*** Opening Listed records ***

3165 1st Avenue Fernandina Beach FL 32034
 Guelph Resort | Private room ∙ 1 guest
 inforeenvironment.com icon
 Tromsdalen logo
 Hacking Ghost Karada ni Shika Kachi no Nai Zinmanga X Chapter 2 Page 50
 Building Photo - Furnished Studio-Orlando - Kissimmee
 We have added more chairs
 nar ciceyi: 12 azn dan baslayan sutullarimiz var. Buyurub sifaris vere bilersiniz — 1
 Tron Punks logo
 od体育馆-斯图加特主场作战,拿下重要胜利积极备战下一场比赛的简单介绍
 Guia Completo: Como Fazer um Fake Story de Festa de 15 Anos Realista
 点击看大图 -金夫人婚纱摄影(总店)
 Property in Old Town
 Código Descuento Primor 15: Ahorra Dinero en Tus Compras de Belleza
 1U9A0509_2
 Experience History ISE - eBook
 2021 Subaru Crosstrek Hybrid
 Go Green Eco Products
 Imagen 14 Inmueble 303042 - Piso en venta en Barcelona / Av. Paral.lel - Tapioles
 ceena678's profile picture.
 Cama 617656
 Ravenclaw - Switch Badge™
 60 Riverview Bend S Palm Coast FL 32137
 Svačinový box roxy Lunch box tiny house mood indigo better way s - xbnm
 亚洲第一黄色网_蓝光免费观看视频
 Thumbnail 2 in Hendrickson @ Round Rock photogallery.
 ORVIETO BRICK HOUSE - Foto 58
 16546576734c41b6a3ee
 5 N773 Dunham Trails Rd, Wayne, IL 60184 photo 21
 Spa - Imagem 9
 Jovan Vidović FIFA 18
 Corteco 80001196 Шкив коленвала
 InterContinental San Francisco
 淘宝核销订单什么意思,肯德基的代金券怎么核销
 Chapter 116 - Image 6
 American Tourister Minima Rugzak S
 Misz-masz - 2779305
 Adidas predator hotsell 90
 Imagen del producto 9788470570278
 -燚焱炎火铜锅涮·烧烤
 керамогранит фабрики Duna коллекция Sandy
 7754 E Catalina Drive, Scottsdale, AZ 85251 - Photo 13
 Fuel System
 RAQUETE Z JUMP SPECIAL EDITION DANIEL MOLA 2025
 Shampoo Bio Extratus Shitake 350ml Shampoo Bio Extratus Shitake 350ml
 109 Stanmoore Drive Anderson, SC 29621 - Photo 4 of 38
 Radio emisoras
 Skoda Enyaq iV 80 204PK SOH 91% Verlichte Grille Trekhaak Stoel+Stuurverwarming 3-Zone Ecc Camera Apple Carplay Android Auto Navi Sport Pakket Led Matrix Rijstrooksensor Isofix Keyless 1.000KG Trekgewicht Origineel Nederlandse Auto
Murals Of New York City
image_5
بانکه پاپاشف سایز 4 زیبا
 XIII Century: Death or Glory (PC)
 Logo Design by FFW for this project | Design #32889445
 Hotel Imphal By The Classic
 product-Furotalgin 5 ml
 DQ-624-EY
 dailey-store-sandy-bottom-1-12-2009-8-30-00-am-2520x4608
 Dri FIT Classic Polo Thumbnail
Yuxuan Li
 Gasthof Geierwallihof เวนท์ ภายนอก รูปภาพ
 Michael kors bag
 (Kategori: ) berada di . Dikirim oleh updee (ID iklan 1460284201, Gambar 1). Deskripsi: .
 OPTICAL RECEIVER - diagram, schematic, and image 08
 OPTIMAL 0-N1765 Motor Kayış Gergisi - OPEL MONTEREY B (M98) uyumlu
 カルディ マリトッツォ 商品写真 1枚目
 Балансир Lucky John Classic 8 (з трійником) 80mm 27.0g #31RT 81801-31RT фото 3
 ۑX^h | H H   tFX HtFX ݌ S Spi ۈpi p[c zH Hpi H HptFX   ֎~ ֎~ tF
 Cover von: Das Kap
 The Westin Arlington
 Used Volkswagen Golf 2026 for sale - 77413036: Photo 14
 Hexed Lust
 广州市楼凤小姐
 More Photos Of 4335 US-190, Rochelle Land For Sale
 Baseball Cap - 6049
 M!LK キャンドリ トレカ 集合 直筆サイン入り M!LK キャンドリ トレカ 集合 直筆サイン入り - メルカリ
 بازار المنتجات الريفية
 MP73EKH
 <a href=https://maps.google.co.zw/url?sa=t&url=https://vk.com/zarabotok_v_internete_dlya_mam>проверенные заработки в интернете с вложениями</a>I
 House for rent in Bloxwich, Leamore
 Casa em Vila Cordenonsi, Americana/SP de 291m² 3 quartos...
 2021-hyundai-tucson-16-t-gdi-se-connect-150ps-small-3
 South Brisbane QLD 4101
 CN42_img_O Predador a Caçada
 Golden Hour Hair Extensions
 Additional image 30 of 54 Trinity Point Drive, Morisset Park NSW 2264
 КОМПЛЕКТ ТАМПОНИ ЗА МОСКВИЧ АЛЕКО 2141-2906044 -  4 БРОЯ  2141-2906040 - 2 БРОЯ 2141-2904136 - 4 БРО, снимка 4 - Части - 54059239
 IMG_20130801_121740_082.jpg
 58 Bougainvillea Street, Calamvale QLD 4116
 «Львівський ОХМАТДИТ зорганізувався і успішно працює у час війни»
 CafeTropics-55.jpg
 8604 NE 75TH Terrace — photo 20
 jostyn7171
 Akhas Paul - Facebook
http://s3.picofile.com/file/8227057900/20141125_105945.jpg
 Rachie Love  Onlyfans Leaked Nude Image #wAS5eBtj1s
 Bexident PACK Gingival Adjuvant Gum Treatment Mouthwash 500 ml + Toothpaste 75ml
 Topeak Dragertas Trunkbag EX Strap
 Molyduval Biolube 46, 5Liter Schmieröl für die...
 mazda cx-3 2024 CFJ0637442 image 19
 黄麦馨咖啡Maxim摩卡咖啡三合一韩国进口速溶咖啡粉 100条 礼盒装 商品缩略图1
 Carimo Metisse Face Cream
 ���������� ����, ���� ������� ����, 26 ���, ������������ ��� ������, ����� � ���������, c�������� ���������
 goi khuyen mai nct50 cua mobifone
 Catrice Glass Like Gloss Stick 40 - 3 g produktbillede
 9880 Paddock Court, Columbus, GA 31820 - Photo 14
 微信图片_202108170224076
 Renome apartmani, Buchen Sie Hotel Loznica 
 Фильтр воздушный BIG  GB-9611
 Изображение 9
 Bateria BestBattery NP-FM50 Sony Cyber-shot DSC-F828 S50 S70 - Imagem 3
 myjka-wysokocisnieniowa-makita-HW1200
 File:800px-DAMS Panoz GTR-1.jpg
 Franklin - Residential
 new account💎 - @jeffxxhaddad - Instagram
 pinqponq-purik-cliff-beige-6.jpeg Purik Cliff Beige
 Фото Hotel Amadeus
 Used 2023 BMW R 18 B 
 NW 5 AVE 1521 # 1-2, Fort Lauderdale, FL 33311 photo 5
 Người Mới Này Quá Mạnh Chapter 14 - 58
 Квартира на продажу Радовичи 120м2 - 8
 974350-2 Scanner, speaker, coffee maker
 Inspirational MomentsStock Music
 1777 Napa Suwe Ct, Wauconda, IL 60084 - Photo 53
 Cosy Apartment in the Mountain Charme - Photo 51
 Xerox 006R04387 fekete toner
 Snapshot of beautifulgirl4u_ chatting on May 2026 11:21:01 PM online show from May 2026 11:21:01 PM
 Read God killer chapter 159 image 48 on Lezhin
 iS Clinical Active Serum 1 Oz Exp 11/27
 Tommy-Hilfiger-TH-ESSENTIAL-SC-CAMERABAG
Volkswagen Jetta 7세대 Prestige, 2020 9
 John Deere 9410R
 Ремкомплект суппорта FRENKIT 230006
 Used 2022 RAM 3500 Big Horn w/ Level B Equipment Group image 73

*** Closing Listed records ***

▶ **The task**:
In the entries above, find the line holding "product-Furotalgin 5 ml" and the line holding "КОМПЛЕКТ ТАМПОНИ ЗА"; print both of them and every line between, exactly, and nothing else.

▶ **Exercise result**:
 product-Furotalgin 5 ml
 DQ-624-EY
 dailey-store-sandy-bottom-1-12-2009-8-30-00-am-2520x4608
 Dri FIT Classic Polo Thumbnail
Yuxuan Li
 Gasthof Geierwallihof เวนท์ ภายนอก รูปภาพ
 Michael kors bag
 (Kategori: ) berada di . Dikirim oleh updee (ID iklan 1460284201, Gambar 1). Deskripsi: .
 OPTICAL RECEIVER - diagram, schematic, and image 08
 OPTIMAL 0-N1765 Motor Kayış Gergisi - OPEL MONTEREY B (M98) uyumlu
 カルディ マリトッツォ 商品写真 1枚目
 Балансир Lucky John Classic 8 (з трійником) 80mm 27.0g #31RT 81801-31RT фото 3
 ۑX^h | H H   tFX HtFX ݌ S Spi ۈpi p[c zH Hpi H HptFX   ֎~ ֎~ tF
 Cover von: Das Kap
 The Westin Arlington
 Used Volkswagen Golf 2026 for sale - 77413036: Photo 14
 Hexed Lust
 广州市楼凤小姐
 More Photos Of 4335 US-190, Rochelle Land For Sale
 Baseball Cap - 6049
 M!LK キャンドリ トレカ 集合 直筆サイン入り M!LK キャンドリ トレカ 集合 直筆サイン入り - メルカリ
 بازار المنتجات الريفية
 MP73EKH
 <a href=https://maps.google.co.zw/url?sa=t&url=https://vk.com/zarabotok_v_internete_dlya_mam>проверенные заработки в интернете с вложениями</a>I
 House for rent in Bloxwich, Leamore
 Casa em Vila Cordenonsi, Americana/SP de 291m² 3 quartos...
 2021-hyundai-tucson-16-t-gdi-se-connect-150ps-small-3
 South Brisbane QLD 4101
 CN42_img_O Predador a Caçada
 Golden Hour Hair Extensions
 Additional image 30 of 54 Trinity Point Drive, Morisset Park NSW 2264
 КОМПЛЕКТ ТАМПОНИ ЗА МОСКВИЧ АЛЕКО 2141-2906044 -  4 БРОЯ  2141-2906040 - 2 БРОЯ 2141-2904136 - 4 БРО, снимка 4 - Части - 54059239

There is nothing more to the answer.